Articles Posted in Bicycle Accidents

Commuting by bicycle in a densely populated city is a common and sensible way to save money on auto expenses and parking, and many DC residents use a bike to run errands or get to work each day. Using a bicycle in a crowded city like Washington DC can be dangerous. July was especially deadly for bicyclists in the District, as three fatal accidents occurred. In the most recent incident, a woman was killed after she was struck by a semi-truck and pulled under the wheels near a construction site.

According to a local news report discussing the most recent bicycle fatality in the city, the victim was cycling to work at her job with the State Department when she was hit by a large commercial truck and run over. The truck that hit her was involved in a road construction project nearby. The article notes that the truck involved in the crash did not have a guard to prevent someone from being pulled under the truck. Such a guard is required for vehicles registered in DC, though the truck at issue was registered in Maryland, so it’s unclear whether any enforceable regulations were being violated.

How Can Motorists Avoid Bicycle Accidents?

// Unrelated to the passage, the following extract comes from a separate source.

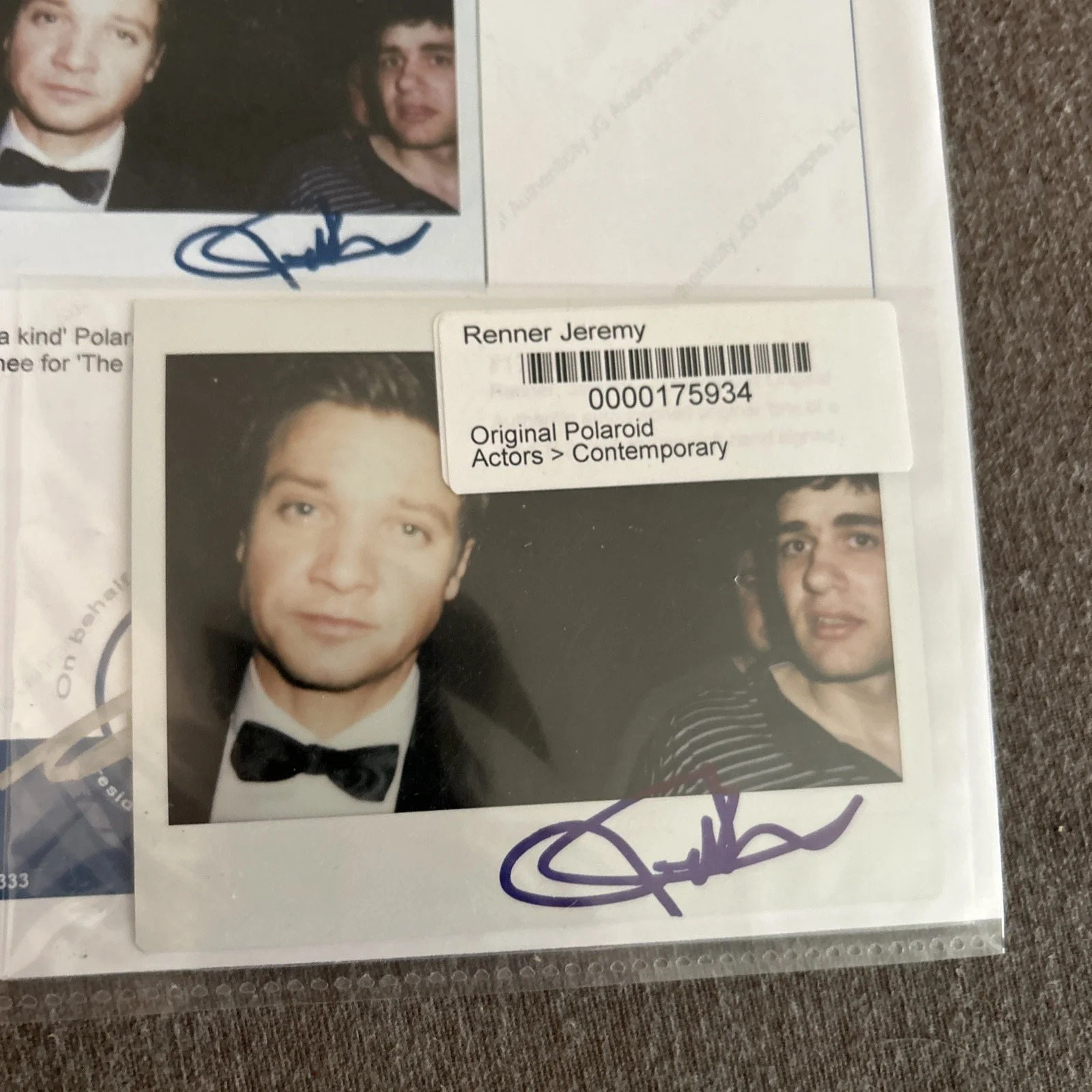 Jeremy Renner Signed Polaroid Marvel Avengers COA, image 2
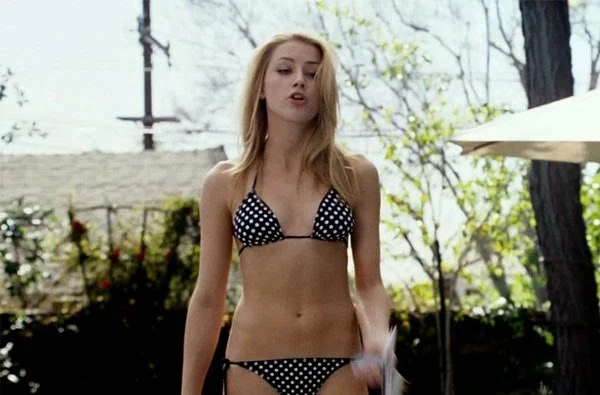 Amber Heard Sexy Bikini Photos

DC drivers need to be extra attentive and careful when driving near bicyclists. This is especially true in areas with construction or road closures, because bike lanes are often reduced or eliminated during construction, and bicyclists must be allowed to use a full lane without fear of being hit by a car. Unfortunately, these recent fatal accidents demonstrate that many drivers are not paying enough attention. Bicyclists who are hurt or killed by a negligent driver may be entitled to significant compensation for their injuries and loss.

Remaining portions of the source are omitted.